We inherently think of followers as incapable of resolving problems and for all our cynicism towards politicians we still naively dream of our leader in a shining armour that will come and rescue us. The Obama syndrome is a case in point. Well, it rarely works that way. Within complex systems characterised by high levels of uncertainty such as the ones we live in, experts and leaders can’t have all the answers. People then become key actors, since their behaviour is key to addressing the new challenges. Think of socio-demographics changes, the environmental crisis… So, if we as citizens rightly demand more say, simply following and/or blaming power is no longer acceptable. We also need to take on more responsibilities, by getting involved and making often difficult decisions together. By the same token, political leadership has to reinvent itself to facilitate public engagement.

As the concept of coproduction becomes increasingly fashionable in the policy world, we are forced to rethink concepts of leadership and followership. These are not static conditions that reside in different individuals. Instead ‘coproducers’ take different roles and lead at different points during the process, as such roles move around, like information and power.

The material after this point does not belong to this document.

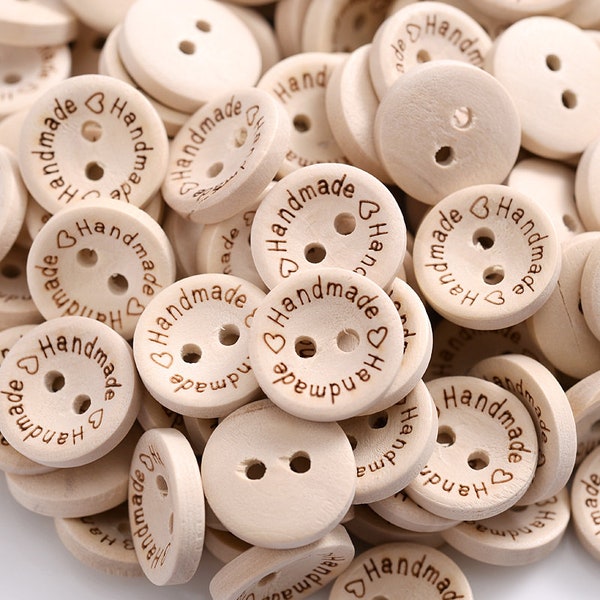25MM - 50 HANDMADE wooden buttons - Wooden buttons -Holzknöpfe -boutons en bois - Wooden buttons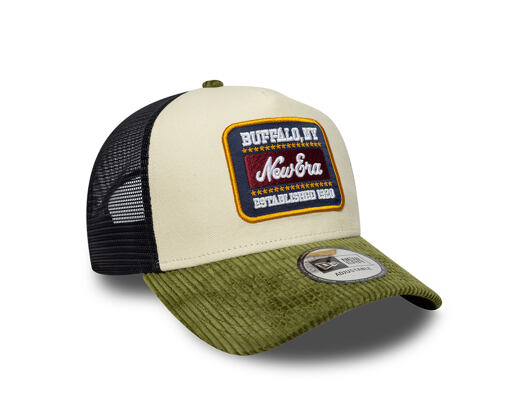 Cap New Era - Branded Patch Cord 9FORTY A-Frame Trucker - Cream / New Olive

There is a shift in focus from individual leaders to leadership. In a paper I co-authored with Koen Bartels, we refer to it as facilitative leadership (see paper here), which means it’s not just about one or two key individuals who govern the process and act as catalysts of change, but about leadership as a collective enterprise involving several people with different roles at different times.  So the important factor here is relational dynamics rather than organisational structures.

Different types of leadership, whether political, managerial (also including the third sector) or community-based, come to the fore and often work together to facilitate the most innovative collaborative processes, as each will understand different aspects of the context and the people involved. Political leadership will be in a privileged position to sponsor the process, which entails acting not only as policy entrepreneurs but as ‘guides’ in the policy process. Managerial and professional leadership can champion the process, while community leadership can help guarantee its inclusiveness. This last aspect is crucial if we want to give legitimacy and credibility to these new collaborative spaces.

Most often participatory processes have a strong institutional bias: as they’re generally opened by the public organisation that delivers a particular service, they will tend to reflect that organisation’s priorities.  The challenge for facilitative leadership is then to act as a bridge between diverse groups and interests, guaranteeing an inclusive and as far as possible neutral space where different organisational cultures can at least attempt to find a common language, coproduce a common vision and make the process sustainable.

Coproduction and all collaborative processes in general entail high levels of experimentation and risk-taking. The involvement of senior figures as sponsors can then encourage innovation by protecting the collaborative space from political and financial pressure. More importantly, political leadership has to take responsibility for risks in order to shield front-line staff from fear of failure and so manage organisational resistance to change. Now, advocating risky behaviours and admitting that initiatives have failed and need to be abandoned sounds like political suicide to most policymakers. But within increasingly complex and uncertain settings, concepts of experimentation, prototyping and learning are likely to be more effective than expensive blueprints and long-term strategies solely based on ideological positions.  Is politics ready for this paradigm shift? And are citizens?

I should end this post by stressing that any analysis of facilitative leadership has to reflect upon power dynamics and team structures. We shouldn’t be naïve about this: distributed leadership does not necessarily translate into distributed power.